Saturday, January 07, 2006

Hedgehogs at the White House

Via Dan Drezner an article from the Wall Street - The Numbers Guy (free)--on Professor Tetlock's book, Expert Political Judgments. He used Isaiah Berlin's categories:
"Foxes [those who know many small things] outperformed hedgehogs [those who know one big thing] in nearly every measure, Prof. Tetlock said. That suggested that those with flexible thinking were better equipped to make forecasts.
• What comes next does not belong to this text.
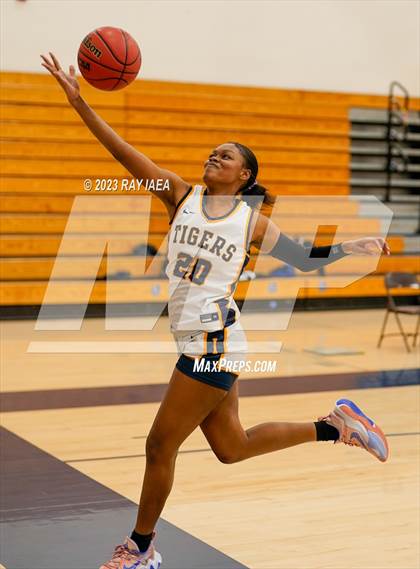 Thumbnail 1 in Yuba City @ Inderkum photogallery.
Foxes were better, by about three times, at adapting their predictions to world events they hadn't expected. This relates to another failing of hedgehogs: they tended to be more likely to engage in 'hindsight bias.' In other words, hedgehogs were more likely to err in their own favor when asked to recall past predictions -- and if they couldn't recall their own mistakes, how could they be expected to learn from them?"
See Louis Menand in The New Yorker for a fuller discussion, including the points that people make their information fit their preconceptions, discounting opposing information, and that the premium is on "experts" to offer new and different predictions. But hedgehogs can be spectacularly right (particularly scientists).

IMHO our President is a hedgehog (most politicians are, regardless of ideology, although Bill Clinton could not have been), so it's not surprising that it takes a while for bad news to sink in.